Barbora Krejcikova is the Roland Garros women’s singles and doubles champion! It’s the first time since Mary Pierce in 2000 that a player won both titles in Paris.
Krejcikova already knew what it was like to hold the doubles trophy (she did it in 2018). But as an unseeded player, getting her hands on the Trophée Suzanne Lenglen after her 6-1, 2-6, 6-4 win on the Philippe Chatrier Arena is the fulfilment of dream she never gave up on.
Krejcikova couldn’t have fathomed a final weekend at a Grand Slam tournament where she would be playing both for the No 1 in the WTA doubles rankings and a spot in the top 15 in the singles rankings. But in the final days of Roland Garros, that’s exactly what happened, in just her fifth career Grand Slam singles main draw appearance.
Krejcikova was just 22 when she reached the top spot in the doubles rankings for the first time. She and countrywoman Siniakova, partners since the juniors, won both Roland Garros and Wimbledon in a sterling 2018 season on the doubles court.
Meanwhile, the Czech was outside the top 200 in singles. “I felt like I didn't want to be a doubles specialist when I was 22. I wanted to play the top players in singles,” Krejcikova said. “It was really frustrating. But I always felt like I'm going to work hard, I'm just going to continue, just try to be patient – which is not really my thing – and sooner or later I'm just going to get there.”
She began to make some inroads, dropping down to play the lower-level ITF tournaments her singles ranking would allow her to enter. But it was a slow, frustrating process.

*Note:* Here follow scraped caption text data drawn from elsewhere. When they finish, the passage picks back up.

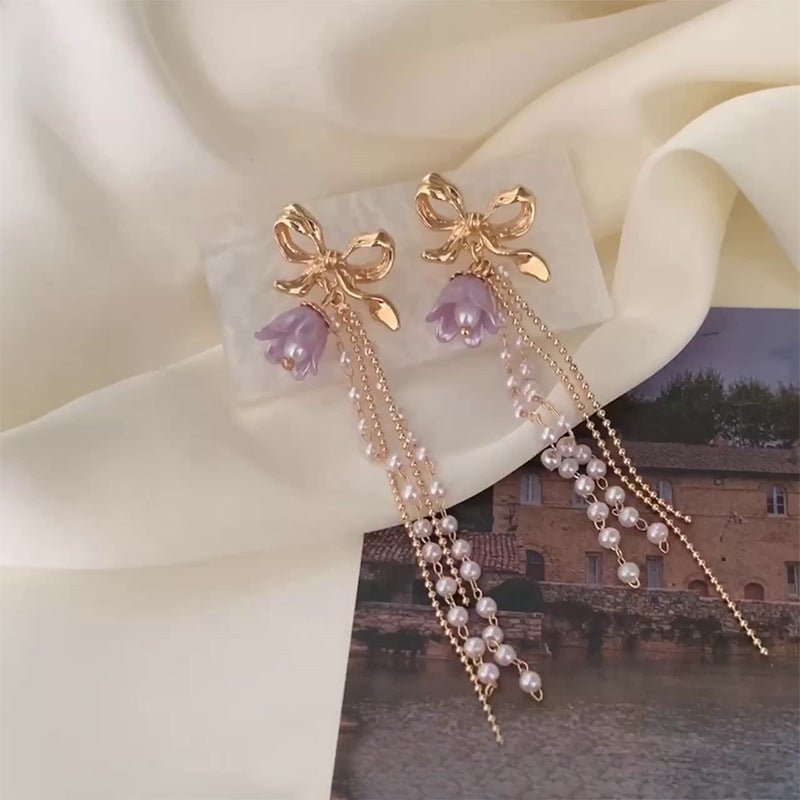 Boucles d'oreilles romantiques Lavande Linglan Perle Tassel Clip d'oreille - Ivory Deals Market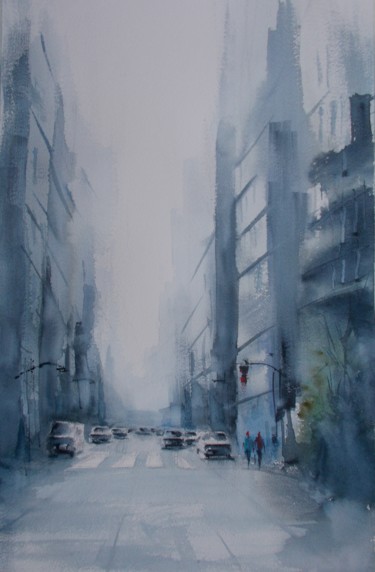 Painting titled "an imaginary city 45" by Giorgio Gosti, Original Artwork, Watercolor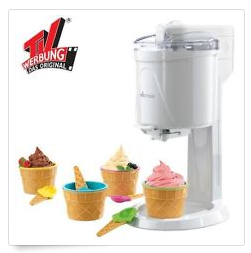 Eismaxx Softeis Maschine billig mit Becher und Löffel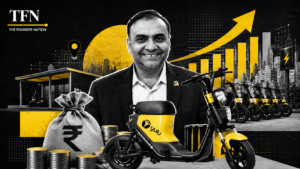 Yulu mobility growth graphic featuring its founder, electric scooters, funding visuals, and TFN branding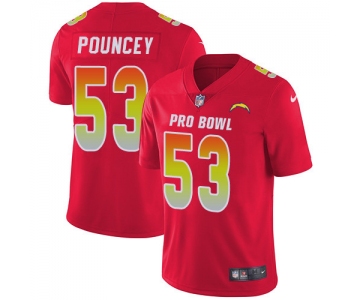 Nike Los Angeles Chargers #53 Mike Pouncey Red Men's Stitched NFL Limited AFC 2019 Pro Bowl Jersey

When the pandemic shut down tennis for five months in March 2020, Krejcikova was still outside the top 100.
But all those months at home in the Czech Republic playing and practising with higher-ranked countrywomen was a game-changer. And a dose of perspective, realising how blessed she was to play at all when so many were struggling, helped her turn the corner.
“We have so many good, top players. I had the opportunity to play against them, to watch how they practise, to watch how they prepare for the matches. I felt I can actually play with all these girls; it’s just my ranking wasn't there,” she said.

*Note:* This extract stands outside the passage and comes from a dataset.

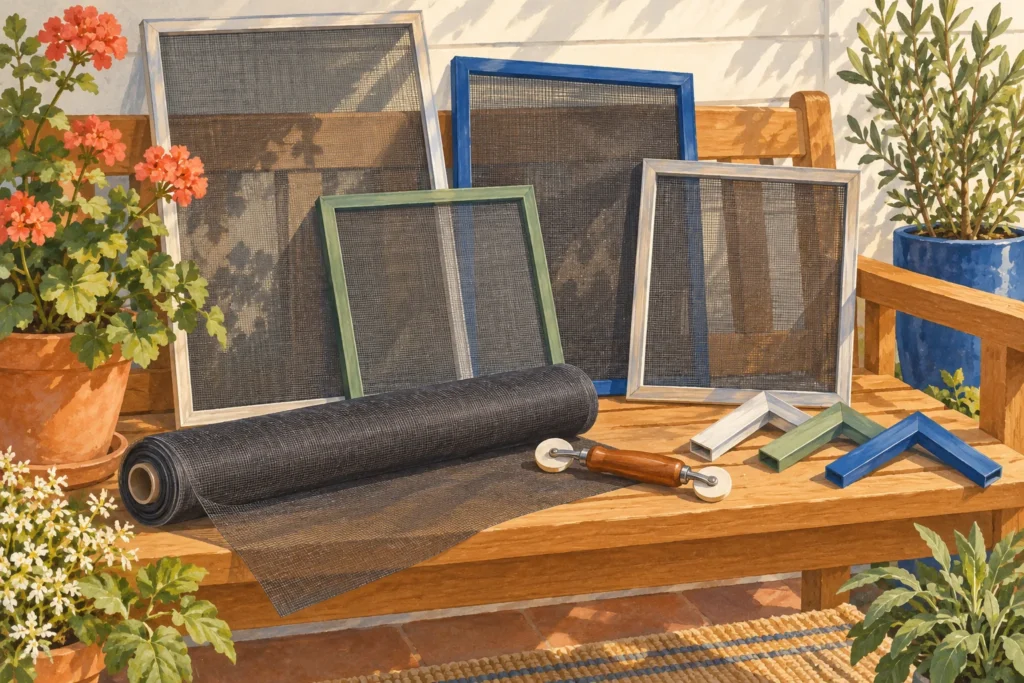 Separate window screens, mesh and frame components on a porch workbench.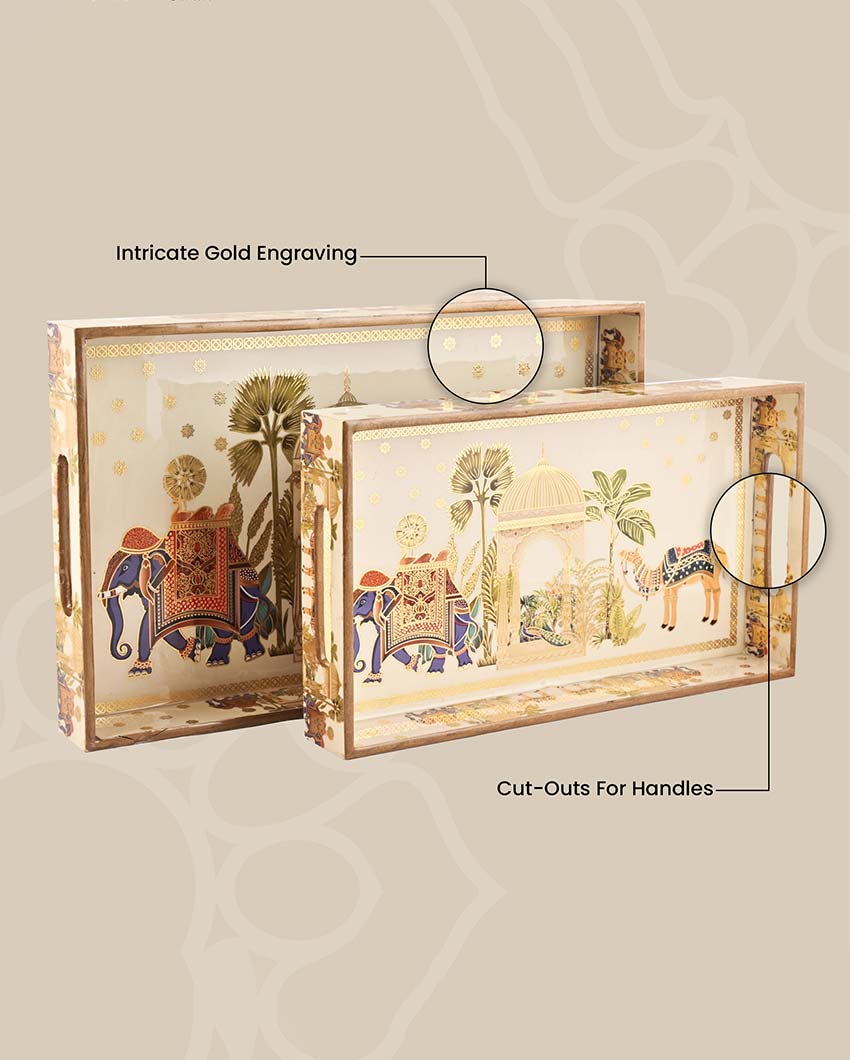 Traditional Royal Camel Serving Mdf Trays | Set Of 2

So much of top-level tennis is about confidence, and belief. After the work she did in 2020, Krejcikova finally believed her game was up there with the best. The next step was having her ranking reflect that.
Ranked 114, Krejcikova was able to squeeze into the main draw last year at Roland Garros (which was played in October) because of a number of withdrawals. She maximised the opportunity and reached the round of 16. She was into the second week of a major – in singles – for the first time.
By the time she left Paris, she had finally broken into the top 100 in singles. In March 2021, she reached her first WTA Tour finalat the 1000-level event in Dubai. That effort vaulted her into the top 40.
Her early results during clay-court season might not have presaged what she would do in Paris. But in Strasbourg, France, the week before the main event, she served notice. Krejcikova won her first career WTA Tour singles title, defeating Sorana Cirstea in the final. And she arrived at Roland Garros with a burst of confidence.
Now she leaves Paris to take on the grass. She has the wings that come with wins – and the belief that there might be even better moments to come.